__GIVEN DATA__
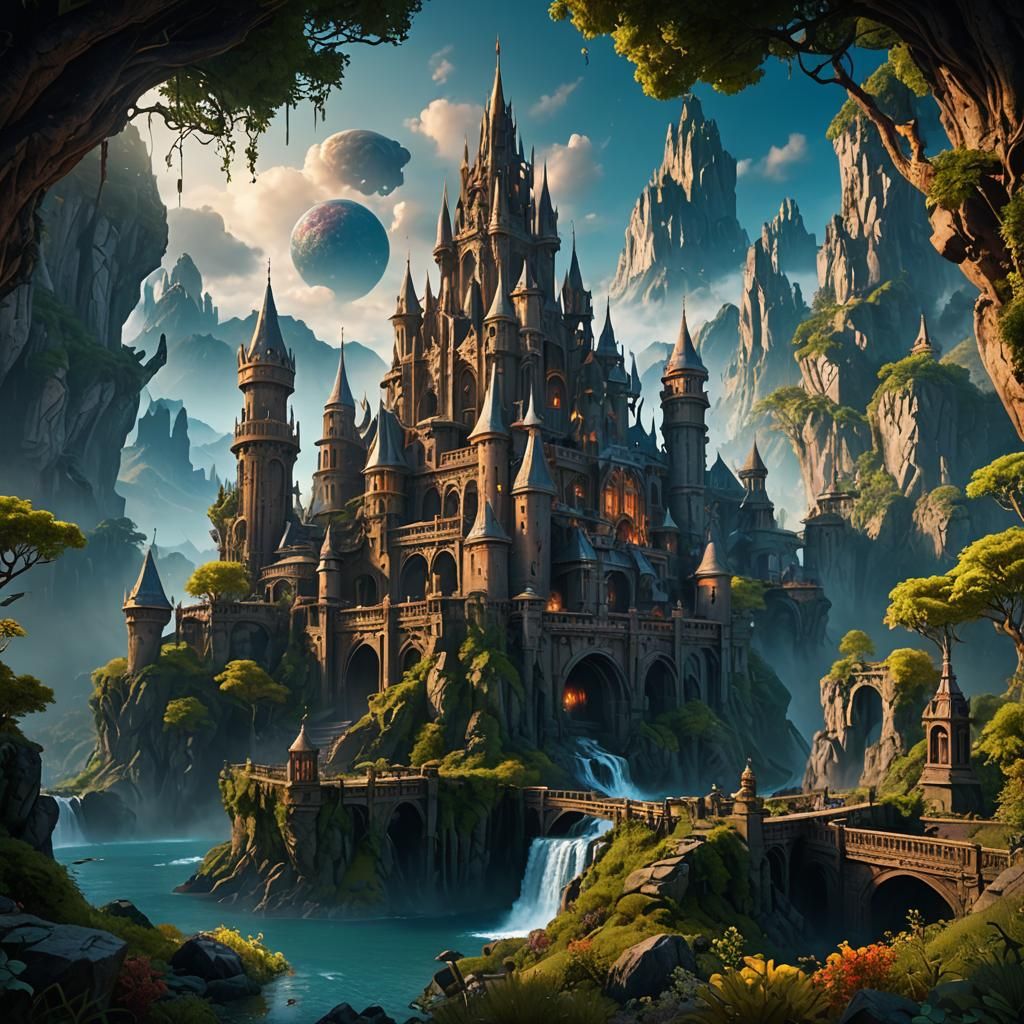 Fantastical Detailed Matte Painting in Deep Color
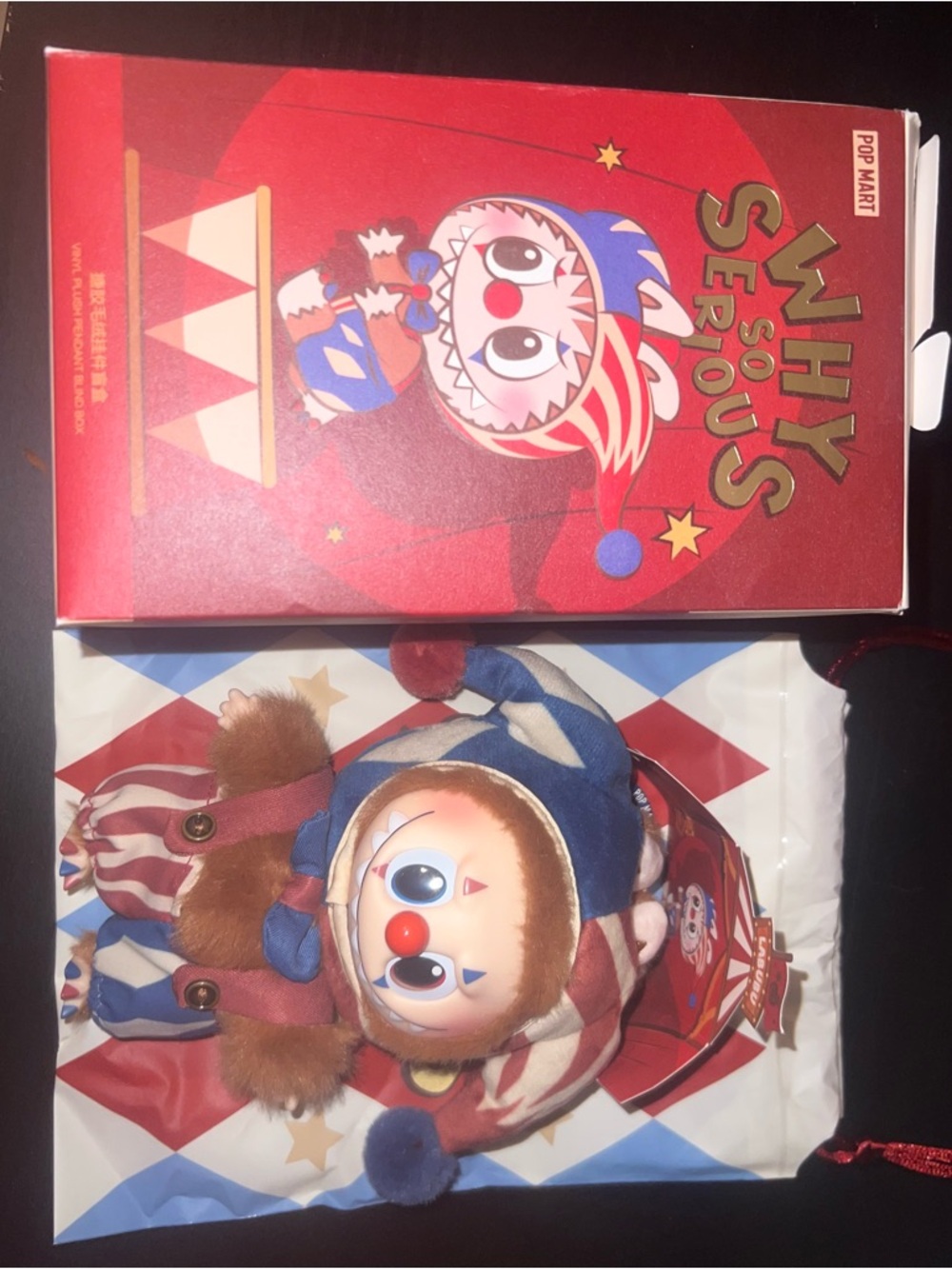 Pop Mart Why So Serious Circus Clown Plush Labubu Doll - Red, Blue, White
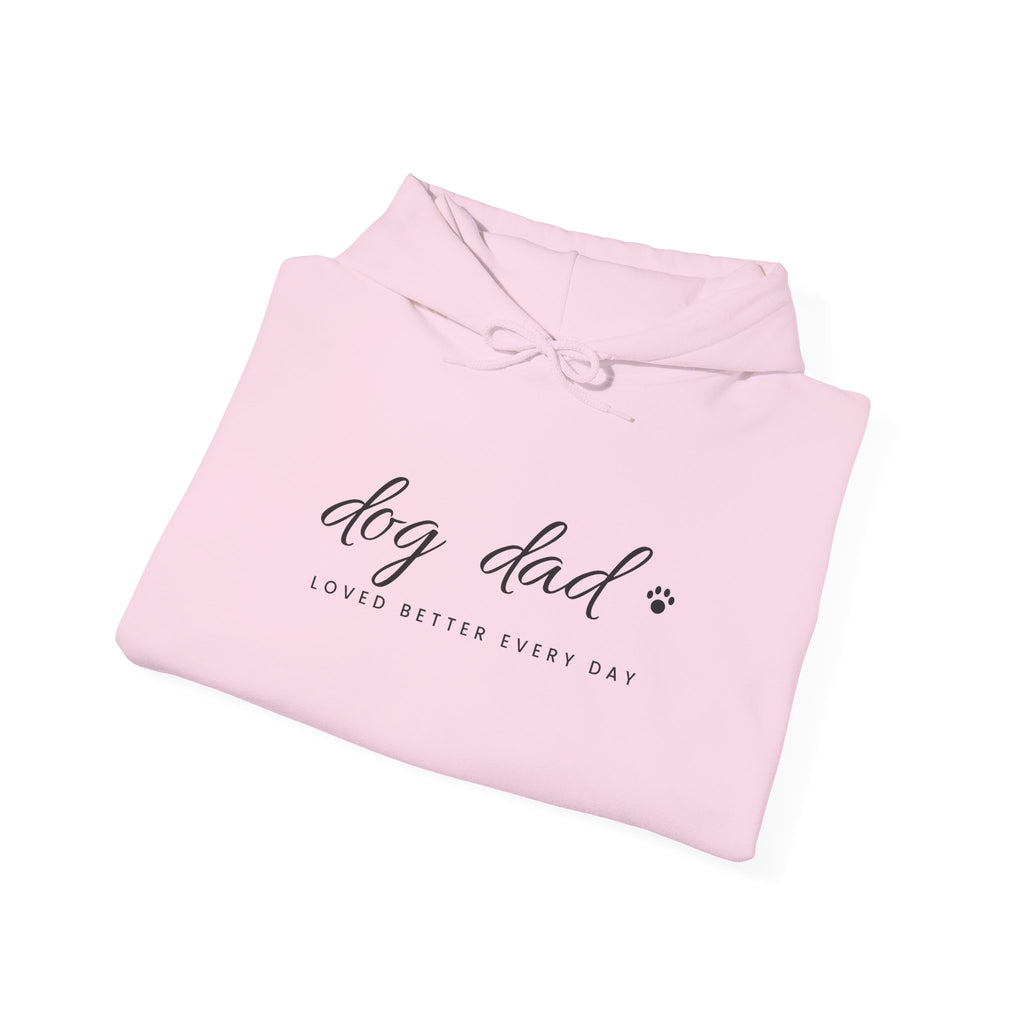 Personalized Dog Dad Hoodie - Loved Better Every Day | Pet Names on Sleeve | Choose Your Style | Custom Dog Dad Gift | Gildan Hoodie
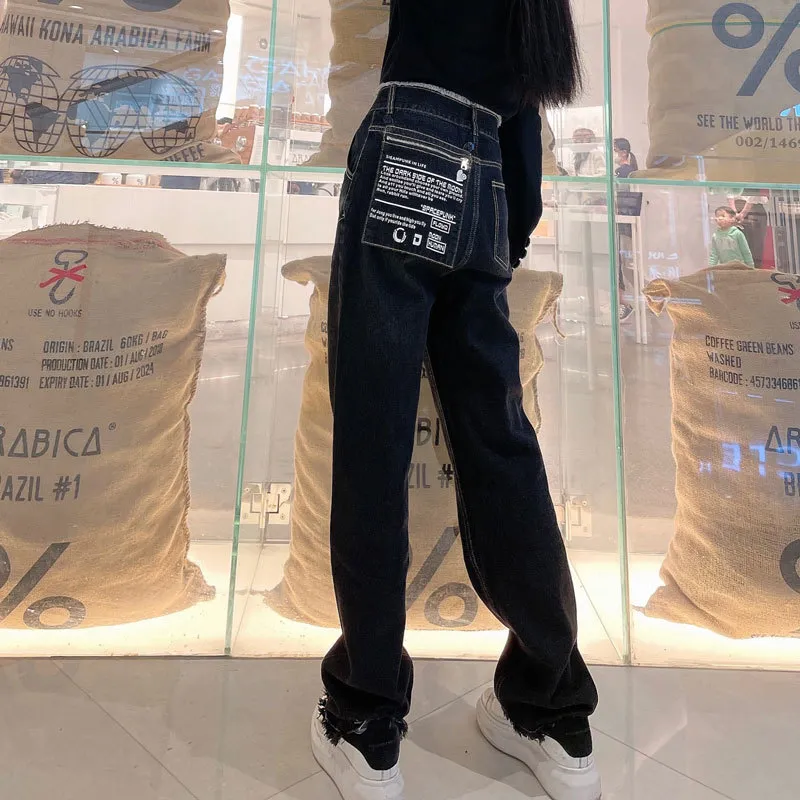 Jeans da tasca con lettere rimovibili in stile Harajuku Pantaloni da donna in denim a gamba larga larghi a vita alta primavera marea 5B817 210427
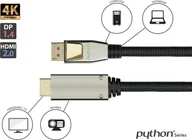 Kable komputerowe i do monitorów - Kabel PYTHON Python DisplayPort 1.4 an HDMI 2.0 Kabel Nylong. schwarz 3m - miniaturka - grafika 1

__WORK INSTRUCTIONS__
Retype, exactly and with no pictures, everything above from the line with "Pop Mart Why" down to the line with "Personalized Dog Dad", both included.

__OUTPUT FOR THIS EXERCISE__
 Pop Mart Why So Serious Circus Clown Plush Labubu Doll - Red, Blue, White
 Personalized Dog Dad Hoodie - Loved Better Every Day | Pet Names on Sleeve | Choose Your Style | Custom Dog Dad Gift | Gildan Hoodie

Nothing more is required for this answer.